Managing Christmas with an Eating Disorder
The festive period is a time for connection and celebration. But it can also be an isolating and anxiety-provoking time for some – including many people with eating disorders. It’s a period characterised by intense family time and social eating, soon followed by a barrage of ‘new year new me’ diet and exercise talk.
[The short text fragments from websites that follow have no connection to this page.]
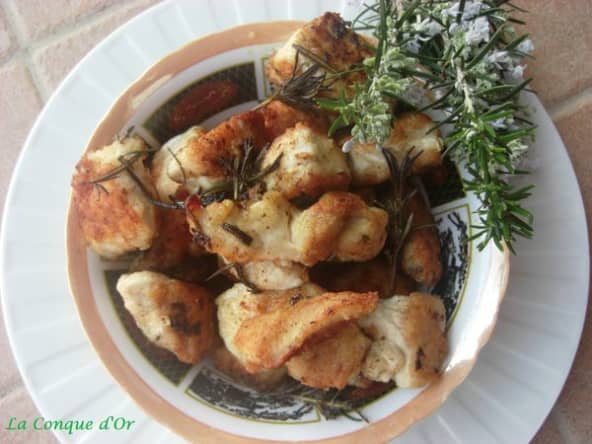 Petits cubes de poulet en sauce citronnée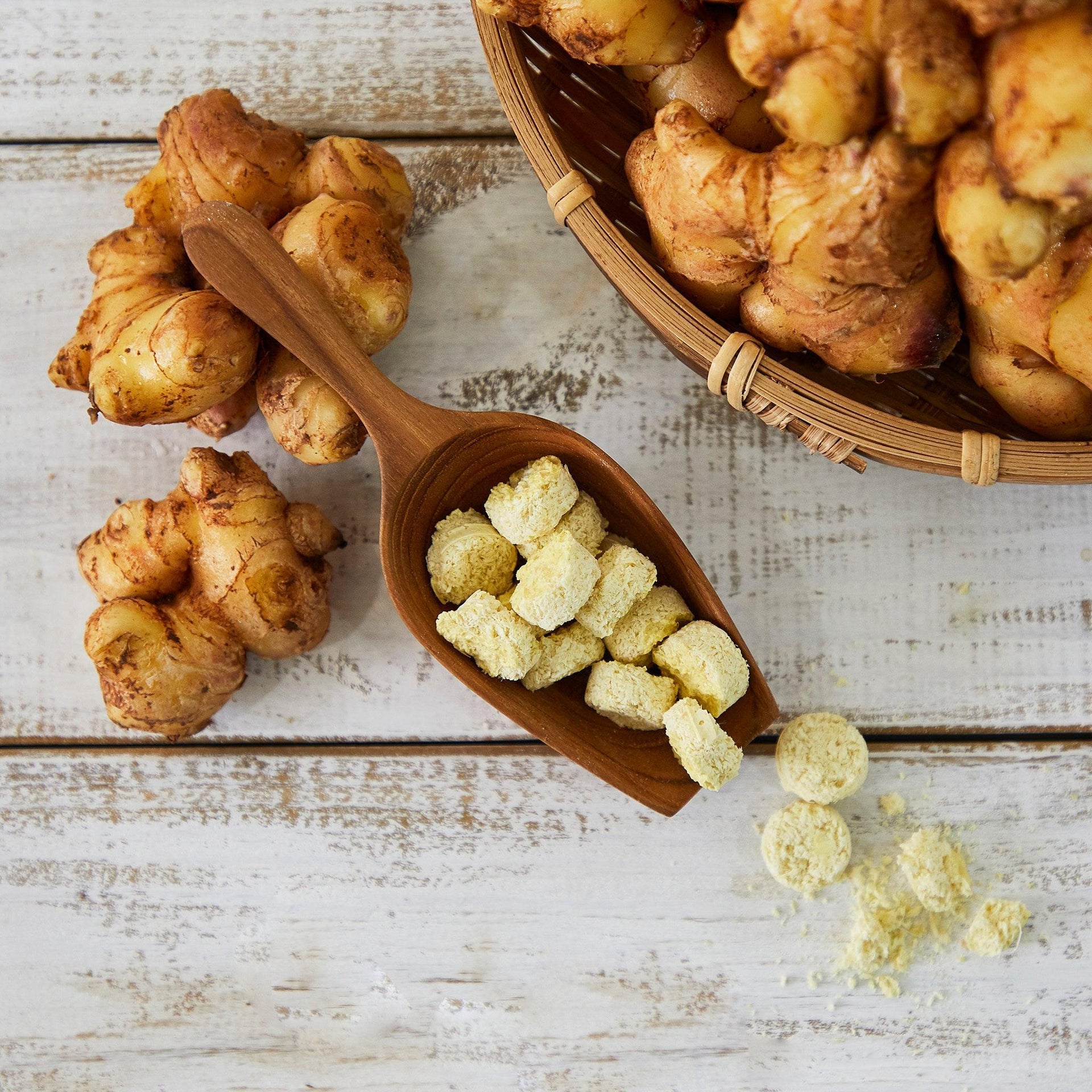 Freeze-dried minced ginger tablets in a wooden spoon with ginger roots nearby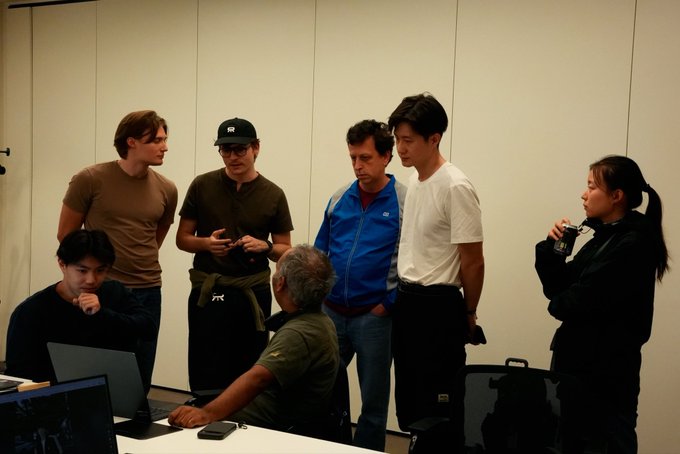 A group of hackers gathers around a laptop at the World Models London Hackathon, collaborating and reviewing projects together. One participant's cap features the "RW" logo of the sponsor @reactorworld, reflecting the community-driven spirit of the event.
If the prospect of Christmas Day fills you with dread, here are some tips to make it a little more manageable:
Plan ahead
If you know certain aspects of Christmas are going to stress you out, try to anticipate these stressors and see what you can do to prepare for them. If you can, try to communicate your fears to your family in advance of the day itself: be open about the things you’re worried about, any food requirements you may have and specific conversation topics that might make the day more difficult for you.
Don't compensate
It’s perfectly normal to eat a bit more than usual over the Christmas period – our bodies are smart, they can handle it. You don’t need to compensate or plan your meals around it in any way - doing so will only harm your recovery and encourage a ‘binge-restrict’ mentality. You have unconditional permission to eat – this week, next week and every damn week.
Set boundaries
If family time is difficult, set whatever boundaries you need to make this Christmas more manageable for you. Your mental health comes first.
Eyes on your own plate
Try not to let yourself get side-tracked by what other people are eating, or any diet culture talk that crops up over the dinner table. What anyone else eats or doesn’t eat has no bearing on what your body needs.
Practice self-care
If this is a difficult time for you, try and be diligent about your self-care routine, whatever that looks like for you. Spend some time in nature, connect with people that make you feel supported, eat nourishing foods, and engage in activities that make you feel good.
Be kind
2020 hasn’t been a normal year, and this isn’t going to be a normal Christmas. It’s more than okay if you don’t feel jolly and bright this Christmas. Try to offer yourself (and those around you) some extra compassion, and reach out for support if you need it.